Si muchos males causan esos fenómenos atmosféricos -que prefieren transitar por estas latitudes como si no hubiese otros caminos- también hacen brotar ese subdesarrollo que padecemos, signado por generaciones de políticos incapaces y corruptos. Un subdesarrollo que golpea tan fuerte como el más feroz de los huracanes.

En pocas horas, surgen a borbotones defectos de infraestructuras, inoperancias de desagües, contratos mal licitados y amañados, irresponsabilidades crónicas de las autoridades, escaso mantenimiento de bienes públicos, sobrevaloraciones, y dineros “abracadabras”: desaparecen aquí y, ¡zas!, aparecen en Panamá o en Suiza.

Simultáneamente, sufrimos carencia de urbanidad y civismo por parte de una ciudadanía huérfana de una educación adecuada.

Entonces, cuando esas furias celestiales nos ponen patas arriba haciendo salir nuestras vergüenzas, comienzan a acusarse unos a otros evadiendo responsabilidades.  Nadie tiene la honradez ni la nobleza, mucho menos la humildad, de pedir excusa o perdón. (En los viejos manuales de “La política es así”, admitir culpa o mostrarse arrepentido está prohibido; máxime, cuando el machismo, en tándem con el narcisismo, es padecimiento habitual de muchos gobernantes.)

Si existen o no antecedentes, o si algún historiador lo tienen documentado, no lo recuerdo. Un presidente que admita su propia negligencia es algo, en este país, nunca visto. Asumir culpas es inusual entre gobernantes. Por eso, ha sido un momento histórico escuchar a Luis Abinader decir: “…fueron 23 años en que no se actuó y yo cargo con 3 de esos 23”.

El actual mandatario dominicano sustituyó a dos prácticamente mudos y a uno parlanchín. Ninguno de los tres admitió ni admite errores, mucho menos han pedido perdón por desgobernarnos. Justifican cada una de sus actuaciones, aunque estadísticas y hechos dejen bien claro sus negligencias. Hablan “ex catedra”, sin darse cuenta que se ríen de ellos.

El perdón para la clase política es, de acuerdo con sus criterios, una muestra de debilidad que resquebrajar la fortaleza puesta en escena. En realidad, tienen miedo, mucho miedo, a mostrar su humanidad. Están convencidos de que, viéndolos como el común de los mortales, perderán el respeto del público. Imaginan, que enseñando un poco del refajo muestran las pantaletas.

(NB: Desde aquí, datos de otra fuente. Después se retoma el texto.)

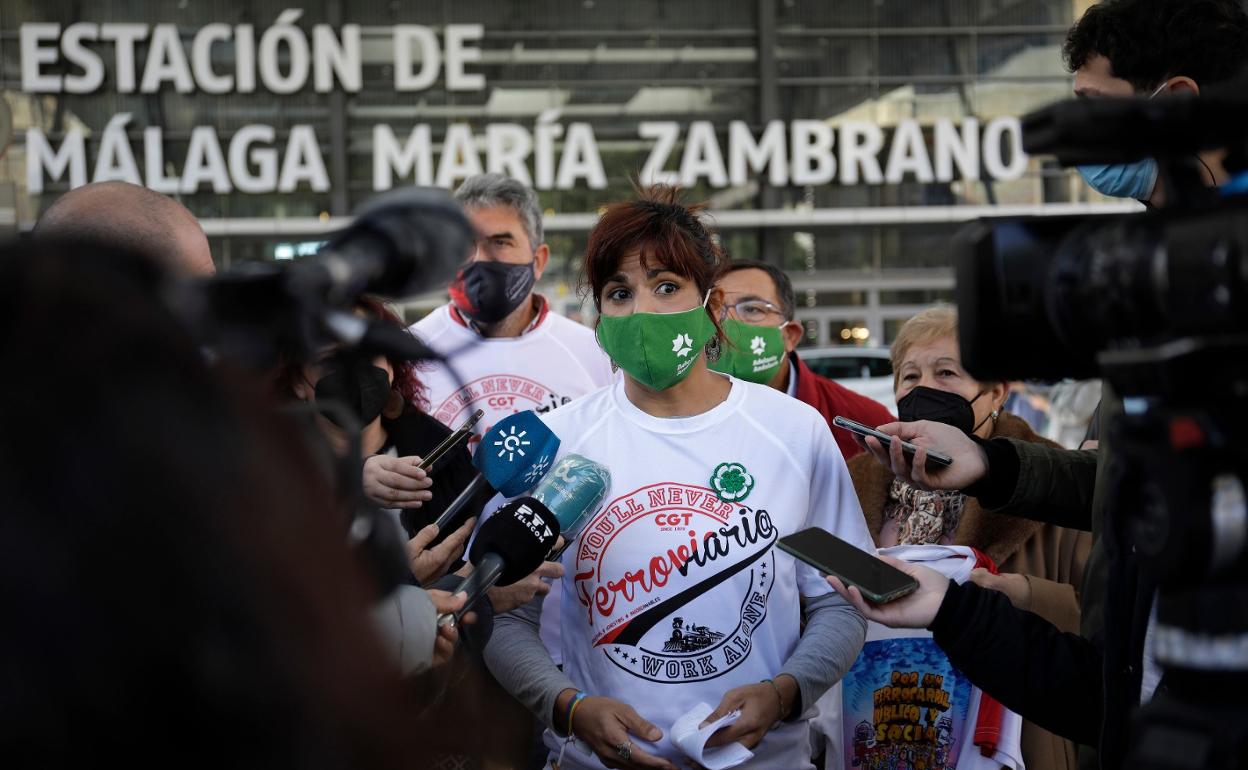 Teresa Rodríguez atiende a los medios, frente a la estación de trenes María Zambrano.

Lejos de la perfección, habiendo sido menos de lo que pudo haber sido, Luis Abinader se presentó ante la nación con un “mea culpa”. Si bien es verdad que no llegó a pedir perdón, esa admisión lo engrandece y diferencia de sus antecesores. “Saquémosle su comida aparte”.

Se atrevió a una humildad que no debe pasar desapercibida. En ese momento, se apartó del obsoleto manual de la vieja política criolla y bajo la cabeza. Se dio cuenta que su elección lo obliga a ser un gobernante diferente.

Asumir culpas- mucho más pedir perdón- implica arrepentimiento, buscar reparación y nuevas maneras de hacer y de ser. Es una autocrítica necesaria; permite sustituir una subjetividad excesiva por una objetividad constructiva.  Aquellos lideres incapaces de criticarse, se arriesgan a cometer graves errores en detrimento de los demás.